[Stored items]
•••

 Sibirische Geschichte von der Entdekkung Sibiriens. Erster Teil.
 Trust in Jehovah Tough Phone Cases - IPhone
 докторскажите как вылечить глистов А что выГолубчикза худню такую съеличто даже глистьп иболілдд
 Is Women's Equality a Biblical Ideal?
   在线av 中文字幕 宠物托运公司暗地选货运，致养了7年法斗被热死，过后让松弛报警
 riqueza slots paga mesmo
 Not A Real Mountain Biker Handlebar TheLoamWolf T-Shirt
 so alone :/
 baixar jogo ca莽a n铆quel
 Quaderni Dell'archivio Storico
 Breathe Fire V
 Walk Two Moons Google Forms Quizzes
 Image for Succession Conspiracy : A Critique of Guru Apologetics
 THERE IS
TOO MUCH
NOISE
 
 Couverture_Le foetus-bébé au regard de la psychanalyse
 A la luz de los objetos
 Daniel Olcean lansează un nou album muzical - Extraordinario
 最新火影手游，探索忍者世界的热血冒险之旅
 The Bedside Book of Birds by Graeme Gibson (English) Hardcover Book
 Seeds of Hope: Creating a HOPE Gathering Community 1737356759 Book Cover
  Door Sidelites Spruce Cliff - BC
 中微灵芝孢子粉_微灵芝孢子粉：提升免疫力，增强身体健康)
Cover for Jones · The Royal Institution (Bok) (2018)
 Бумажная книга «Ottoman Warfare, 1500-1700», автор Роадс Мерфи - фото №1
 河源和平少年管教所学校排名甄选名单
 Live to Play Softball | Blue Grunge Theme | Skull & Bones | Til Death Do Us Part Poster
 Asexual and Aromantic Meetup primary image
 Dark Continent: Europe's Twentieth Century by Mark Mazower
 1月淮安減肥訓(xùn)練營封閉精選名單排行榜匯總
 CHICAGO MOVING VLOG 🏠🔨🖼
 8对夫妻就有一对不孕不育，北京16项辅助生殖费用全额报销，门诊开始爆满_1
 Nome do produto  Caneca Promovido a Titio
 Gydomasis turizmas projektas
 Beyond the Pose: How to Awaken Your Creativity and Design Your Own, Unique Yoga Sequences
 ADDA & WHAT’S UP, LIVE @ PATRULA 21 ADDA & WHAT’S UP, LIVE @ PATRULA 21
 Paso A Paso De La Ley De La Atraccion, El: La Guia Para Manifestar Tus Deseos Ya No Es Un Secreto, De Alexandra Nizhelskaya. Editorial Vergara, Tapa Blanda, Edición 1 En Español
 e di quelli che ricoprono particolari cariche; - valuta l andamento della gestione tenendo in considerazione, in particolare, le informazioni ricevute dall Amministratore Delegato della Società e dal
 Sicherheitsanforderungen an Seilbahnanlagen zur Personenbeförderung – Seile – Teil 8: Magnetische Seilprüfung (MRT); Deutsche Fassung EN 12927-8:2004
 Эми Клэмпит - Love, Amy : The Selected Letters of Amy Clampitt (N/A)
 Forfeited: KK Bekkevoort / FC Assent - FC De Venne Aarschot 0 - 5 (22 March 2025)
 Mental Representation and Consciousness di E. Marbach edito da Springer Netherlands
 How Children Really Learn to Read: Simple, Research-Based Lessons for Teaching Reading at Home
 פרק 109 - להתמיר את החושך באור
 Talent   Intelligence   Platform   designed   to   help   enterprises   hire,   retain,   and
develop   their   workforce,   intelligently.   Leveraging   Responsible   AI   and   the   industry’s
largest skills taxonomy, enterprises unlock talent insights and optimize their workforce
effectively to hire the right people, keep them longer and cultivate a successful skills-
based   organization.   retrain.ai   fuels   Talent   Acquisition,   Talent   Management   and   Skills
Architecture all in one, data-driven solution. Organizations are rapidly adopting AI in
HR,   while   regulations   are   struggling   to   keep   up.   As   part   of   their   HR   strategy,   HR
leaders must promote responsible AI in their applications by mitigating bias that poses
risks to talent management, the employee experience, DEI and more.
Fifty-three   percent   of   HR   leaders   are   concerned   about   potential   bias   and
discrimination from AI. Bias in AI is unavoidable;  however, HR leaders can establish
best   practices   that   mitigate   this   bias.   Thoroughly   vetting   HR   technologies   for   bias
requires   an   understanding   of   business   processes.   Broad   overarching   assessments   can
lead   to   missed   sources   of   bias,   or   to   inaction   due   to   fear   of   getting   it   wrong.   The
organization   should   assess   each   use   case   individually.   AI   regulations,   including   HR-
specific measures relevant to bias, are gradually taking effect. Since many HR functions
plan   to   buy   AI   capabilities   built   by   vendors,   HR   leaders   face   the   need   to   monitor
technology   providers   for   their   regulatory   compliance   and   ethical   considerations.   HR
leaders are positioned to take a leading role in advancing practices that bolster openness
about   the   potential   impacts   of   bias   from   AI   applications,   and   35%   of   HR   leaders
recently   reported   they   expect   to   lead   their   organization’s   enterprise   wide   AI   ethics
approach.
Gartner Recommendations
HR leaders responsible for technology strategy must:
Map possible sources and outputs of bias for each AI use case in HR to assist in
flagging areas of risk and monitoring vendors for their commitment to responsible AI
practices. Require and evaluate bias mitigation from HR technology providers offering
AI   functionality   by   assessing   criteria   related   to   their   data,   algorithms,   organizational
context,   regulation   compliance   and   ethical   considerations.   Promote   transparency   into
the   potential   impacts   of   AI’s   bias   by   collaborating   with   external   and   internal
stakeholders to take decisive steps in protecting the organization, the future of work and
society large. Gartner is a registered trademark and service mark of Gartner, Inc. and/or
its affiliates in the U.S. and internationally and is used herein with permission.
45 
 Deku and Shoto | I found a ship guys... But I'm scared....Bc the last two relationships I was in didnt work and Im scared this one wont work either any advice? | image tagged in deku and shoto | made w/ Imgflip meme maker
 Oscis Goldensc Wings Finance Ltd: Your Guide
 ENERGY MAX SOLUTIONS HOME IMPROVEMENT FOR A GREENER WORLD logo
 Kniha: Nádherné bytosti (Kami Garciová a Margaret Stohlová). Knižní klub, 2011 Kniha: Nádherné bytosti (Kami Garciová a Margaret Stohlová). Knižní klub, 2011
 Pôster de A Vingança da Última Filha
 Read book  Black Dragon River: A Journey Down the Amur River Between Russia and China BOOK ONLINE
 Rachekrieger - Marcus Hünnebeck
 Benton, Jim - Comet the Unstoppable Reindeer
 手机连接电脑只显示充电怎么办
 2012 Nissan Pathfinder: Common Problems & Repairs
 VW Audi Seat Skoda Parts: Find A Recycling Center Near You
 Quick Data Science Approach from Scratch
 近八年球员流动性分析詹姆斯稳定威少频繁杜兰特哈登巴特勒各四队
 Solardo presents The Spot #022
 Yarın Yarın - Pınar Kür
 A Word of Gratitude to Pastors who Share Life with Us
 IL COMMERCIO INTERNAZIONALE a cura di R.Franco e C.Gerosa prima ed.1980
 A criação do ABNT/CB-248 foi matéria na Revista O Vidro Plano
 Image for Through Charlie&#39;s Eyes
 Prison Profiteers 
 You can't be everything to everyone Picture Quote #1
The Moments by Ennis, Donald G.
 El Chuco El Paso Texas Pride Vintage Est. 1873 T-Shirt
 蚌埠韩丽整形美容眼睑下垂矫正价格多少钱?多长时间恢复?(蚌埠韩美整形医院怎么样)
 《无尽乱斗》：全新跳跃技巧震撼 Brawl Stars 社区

•••

-- Instructions to follow --
The answer should hold exactly the lines running from the one with "近八年球员流动性分析詹姆斯稳定威少频繁杜兰特哈登巴特勒各四队" to the final line of the data, both ends counted.

-- Solution --
 近八年球员流动性分析詹姆斯稳定威少频繁杜兰特哈登巴特勒各四队
 Solardo presents The Spot #022
 Yarın Yarın - Pınar Kür
 A Word of Gratitude to Pastors who Share Life with Us
 IL COMMERCIO INTERNAZIONALE a cura di R.Franco e C.Gerosa prima ed.1980
 A criação do ABNT/CB-248 foi matéria na Revista O Vidro Plano
 Image for Through Charlie&#39;s Eyes
 Prison Profiteers 
 You can't be everything to everyone Picture Quote #1
The Moments by Ennis, Donald G.
 El Chuco El Paso Texas Pride Vintage Est. 1873 T-Shirt
 蚌埠韩丽整形美容眼睑下垂矫正价格多少钱?多长时间恢复?(蚌埠韩美整形医院怎么样)
 《无尽乱斗》：全新跳跃技巧震撼 Brawl Stars 社区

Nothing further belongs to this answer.